SGR cost inflated 10 times, says Jimi Wanjigi

Businessman Jimi Wanjigi

Businessman Jimi Wanjigi who claims he birthed the idea of construction of a standard gauge railway from Mombasa to Malaba in 2008 at a cost of Sh55 billion, to be funded privately.

Photo credit: File | Nation Media Group

 Kenyans were never supposed to foot the more than Sh500 billion bill for the standard gauge railway (SGR), whose price was inflated by over 10 times, according to businessman Jimi Wanjigi.

Mr Wanjigi, who now claims he birthed the project idea in 2008, says construction of the railway line from Mombasa to Malaba was originally meant to cost Sh55 billion, and was to be funded privately.

The businessman did not, however, provide any evidence to back his claims.

In an interview with Citizen TV, the businessman, who has announced his intentions to vie for presidency next year, said the cost of the project was exaggerated more than 10 times what feasibility studies showed after the Jubilee government took over.

“SGR was a project birthed by me in 2008 with the same company called China Road and Bridge. We birthed it. We spent a lot of money doing feasibility and technical studies. The intention, when we began, was that the rail was going to be a private rail, nothing to do with government. In fact, government was just supposed to provide the land, which we were prepared to lease. It was like a real estate project,” Mr Wanjigi said in the Sunday night interview.

Mr Wanjigi said his engagements with China Road and Bridge Corporation were to the extent that the project would take a public private partnership format, where funding would be sourced privately.

“It was Sh55 billion from Mombasa all the way to Kisumu, in fact Malaba. .. What we wanted to do was straighten up the line and because we know who carries cargo, get them to invest in the wagons rolling stock and pay us real estate value. That was the intention of SGR that I started,” Mr Wanjigi said.

He said he differed with the Jubilee administration after seeing how the cost had been inflated, and that its original structure had been altered to have taxpayers pay for it.

“After 2013 … it became a project that was now not worth Sh55 billion between Mombasa and Malaba, but Sh300 billion plus, just from Mombasa to Nairobi and I said ‘this does not make sense to me’. And this is where, maybe, on policy we differed,” Mr Wanjigi said.

Mr Wanjigi claimed he even proposed to the government to, instead, build an eight-lane highway from Mombasa to Malaba with the billions of taxpayers’ money, but his advice was ignored.

“That is where I left the stage,” he said.

Transport CS James Macharia said he would not comment on the claims.
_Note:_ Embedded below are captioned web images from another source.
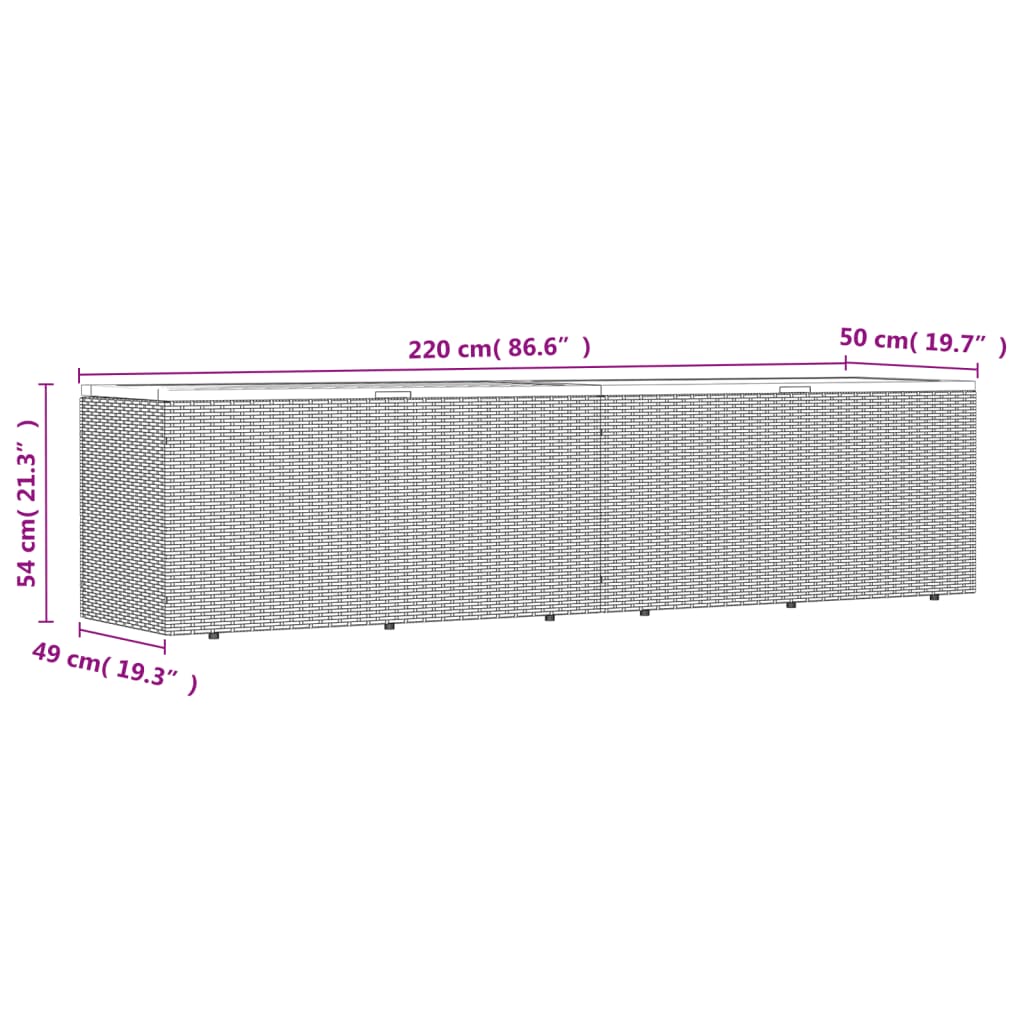 Gartentruhe Poly Rattan Akazienholz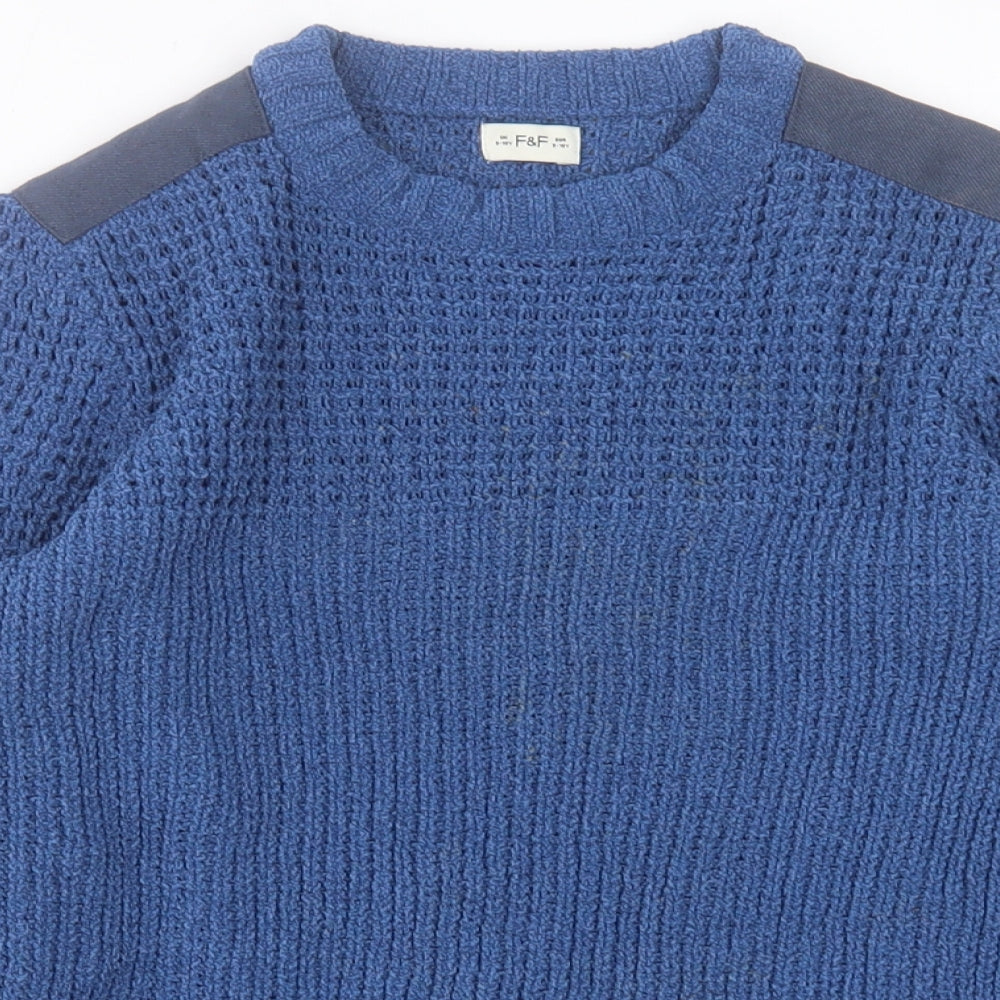 F&F Boys Blue Crew Neck Polyester Pullover Jumper Size 9-10 Years Pullover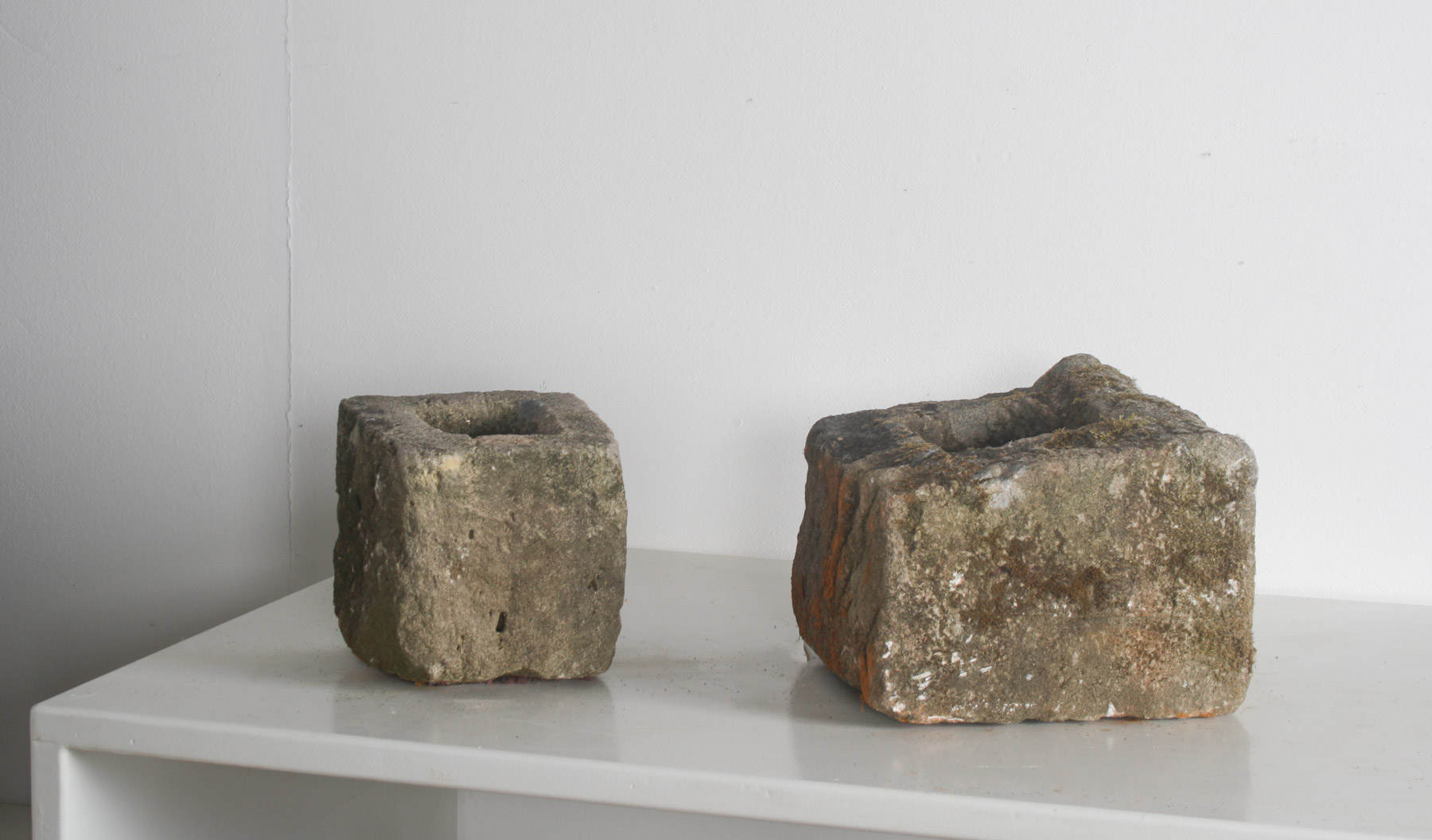 Pair of Small Antique Carved Stone Cube Planters | Wabi Sabi Bonsai Pots - Image 11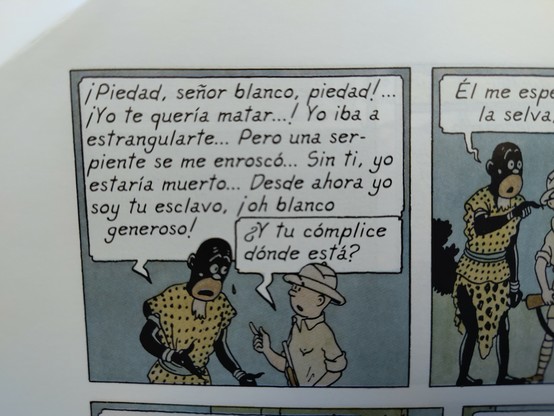 El jefe de la tribu termina agradeciendo a tintin perdonarle la vida. Y le dice ser su esclavo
"I will have no comment on such a matter that is being said so carelessly when there are records to show how the project was conceptualised," Mr Macharia said in a phone interview with the Nation.

The Jubilee administration built the railway at a cost of Sh327 billion between Mombasa and Nairobi and Sh150 billion between Nairobi and Naivasha, while the cost from Naivasha to Kisumu was projected to cost Sh380 billion before lack of funding caused a change of plans, resulting in upgrading of the meter gauge railway line.

The government has been reluctant to provide the SGR contract to the public and currently, Attorney General Paul Kihara is in court seeking to block attempts by activists calling for disclosure. The Court of Appeal last year also determined that procurement of SGR was done illegally, faulting among others, the project’s feasibility study.